The closest you will get there is either when various flash carts have trouble with rechargeables in an original GBA or things like the TV adapter not fitting in a GBA SP. The GB player has never seen an issue like the former for anything and I doubt it ever will (it is full powered GBA guts after all).

The unofficial GBA slot world is a different matter. Many of those are ROM and save dumpers combined with emulators. Using a flash cart with those tends to see it dump the first thing on the cart (so mostly the loader, unless you have an old school NOR cart and a single ROM on it) and try to run that. Such a thing is a fine way of running basically all GBA games which are not fancy hardware https://gbatemp.net/threads/buying-a-gba-flash-cart-in-2013.341203/page-18#post-4756995 or https://mgba.io/2015/10/20/dumping-the-undumped/ (so some of the video carts) but not flash carts for the reasons mentioned above.

*so GBA, GBA SP, GBM, DS, DS lite, GB Player. I don't think people tend to have one of those Visteon Dockable Entertainment in car GBAs to test with but I don't imagine problems with those either.


----------



## Xzi (Dec 19, 2018)

Friendsxix said:


> But yes, @Xzi — it should work just fine, and you should get pretty good results. Of course, try to get the best video hookups you can. In Europe, the GameCube could output RGB SCART, but here in the States, we got stuck with S-Video in its place on the analog AV out. Of course, component from the digital out will trump all other official video hookups, but there are also video mods for the GameCube that allow you to get HDMI. I recently heard of a mod that allows you to add a Wii AV port to the system as well, allowing you to use the much, _much_ cheaper Wii component cables in place of the ridiculously expensive GameCube ones. Just things to look into.


Appreciate the tips.  I do already have a Wii with HDMI adapter for playing GCN games, I bought the Gamecube mostly just to add to my retro console collection.  It was only as I was shopping for a Gamecube recently that I first discovered they made a Game Boy player for it, and I couldn't resist with the uniqueness of it.  Lucky I'm already done with my Christmas shopping for others, so treating myself a bit wasn't a big deal.


----------



## Friendsxix (Dec 19, 2018)

Xzi said:


> Appreciate the tips.  I do already have a Wii with HDMI adapter for playing GCN games, I bought the Gamecube mostly just to add to my retro console collection.  It was only as I was shopping for a Gamecube recently that I first discovered they made a Game Boy player for it, and I couldn't resist with the uniqueness of it.  Lucky I'm already done with my Christmas shopping for others, so treating myself a bit wasn't a big deal.


Not a problem! 

If you want more things to collect, be aware that the Game Boy Player came out in different colors in Japan — one for each main system color.
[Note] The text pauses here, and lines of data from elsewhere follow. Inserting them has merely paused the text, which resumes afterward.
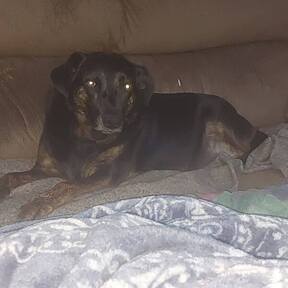 MillerCountyAnimalRescueInc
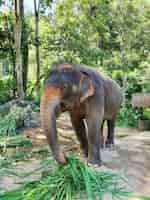 Photo gratuite capture verticale d'un éléphant mignon attrapant des feuilles avec le tronc marchant dans la réserve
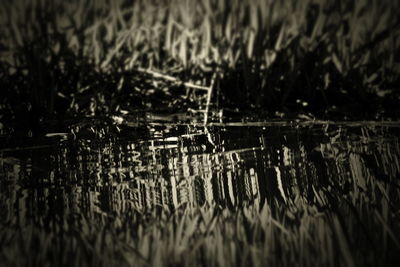 Close-up of wet plants in lake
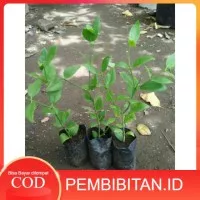 Bibit Tanaman Pohon Siwak Kayu Arak arok 200gram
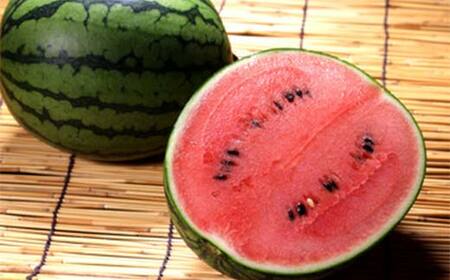 《先行予約 2026年度発送》 小玉スイカと庄内メロンの食べ比べセット （3kg） スイカ すいか 西瓜 デザート フルーツ 果物 くだもの 果実 食品 山形県 FSY-0525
That is, there's a black one, a purple one, a spice orange one, and a platinum one. There is also a super-rare variant that was sold to fit onto the obscure Panasonic Q, and several of the special edition consoles also got matching Game Boy Players in Japan. If you're willing to shell out the money to import it, you can have one that matches your platinum console!  The hardware is region-free, so they should work with the American boot disc without issue.
(They seem to sell for more than they're worth on eBay. I'd get one from Amazon.co.jp and have it forwarded if you decide you want one.)


----------



## Xzi (Dec 19, 2018)

Friendsxix said:


> Not a problem!
> 
> If you want more things to collect, be aware that the Game Boy Player came out in different colors in Japan — one for each main system color. That is, there's a black one, a purple one, a spice orange one, and a platinum one. There is also a super-rare variant that was sold to fit onto the obscure Panasonic Q, and several of the special edition consoles also got matching Game Boy Players in Japan. If you're willing to shell out the money to import it, you can have one that matches your platinum console!  The hardware is region-free, so they should work with the American boot disc without issue.
> (They seem to sell for more than they're worth on eBay. I'd get one from Amazon.co.jp and have it forwarded if you decide you want one.)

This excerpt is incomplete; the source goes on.